In this example, we'll show you how the percolator query works by monitoring what people are talking about on Twitter using the #NASA hashtag. To do that, we'll create some queries about planets and space terminology. Then we'll percolate the tweets that fit our queries and return the user and the tweet.

In the next part, we'll show you how to add metadata fields to the queries to make the percolator query even more powerful and add the results to other Compose databases for further analyses.

But before that though, let's get a little more familiar with the percolator query ...

What's a percolator query?

As we mentioned above, Elasticsearch's percolator query can be summed up as searching in reverse. What this means is instead of querying documents stored in an index, you store queries in an index then you percolate the documents against them to figure out which queries a document matches. Essentially, you're determining if documents match the query criteria, and if they do, then the response you get back from the percolator is an array of queries that match those documents.

Use cases for a percolator query are most commonly monitoring new documents of interest in real-time. This might include sending alerts to customers regarding price changes, weather alerts, or spotting patterns in documents, where keywords could be used to tag documents fitting certain criteria which are then later categorized and indexed.

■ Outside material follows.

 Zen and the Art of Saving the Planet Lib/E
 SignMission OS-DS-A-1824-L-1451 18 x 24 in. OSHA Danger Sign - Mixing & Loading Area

The last use case is similar to what we're going to do with tweets. In our example, we're going to classify tweets based on whether they contain space terminology (astronaut, NASA, galaxy, interstellar, etc.) or planet names. Then we'll use the tweets that were percolated by Elasticsearch and tag on the Twitter handle and tweet.

Setting up queries

To set up the queries that we'll use for the percolator query, you'll first need an Elasticsearch deployment with a user set up. You'll need to create an index to store your queries, which can be done quickly via the Compose Elasticsearch Browser window that is accessed in the left-hand menu Browser button. Once the button is clicked, you'll be taken to the Browser window where you click Create Index in the top right. That'll open up a window where you'll enter the name for the index then click Run; ours is called "space_exploration".

Once that's done, we'll need to start figuring out what kinds of queries we want to store to get the appropriate documents. Queries are essentially documents; they are made up of fields like a normal document, and they also require a mapping type so that they can be stored in an index. However, unlike a normal document that requires only a single mapping, queries set up for percolation require at least two: one that has the fields we'll use in the query, and another that contains a field and type containing the stored query with a "percolator" type.

We're using Kibana to add the mappings and queries. Alternatively, use curl to query your Elasticsearch deployment.

PUT space_exploration/space_tweets/_mapping  
{
  "properties": {
    "tweet": {
      "type": "text"
    }
  }
}

The next mapping type will contain the percolator field and type:

PUT space_exploration/space_queries/_mapping  
{
  "properties": {
    "query": {
      "type": "percolator"
    }
  }
}

Both will give you back an acknowledgment from Elasticsearch that their creation was successful:

{
  "acknowledged": true
}

Adding queries

Now that the mappings are added, let's add the queries.

We'll make them very simple for this example. Since the queries are documents, they will also need to include the appropriate document metadata when inserting them into the index. Here's a list of documents that we'll add to the index using keywords like astronauts, Mars, Jupiter, astrophysics, interstellar, etc.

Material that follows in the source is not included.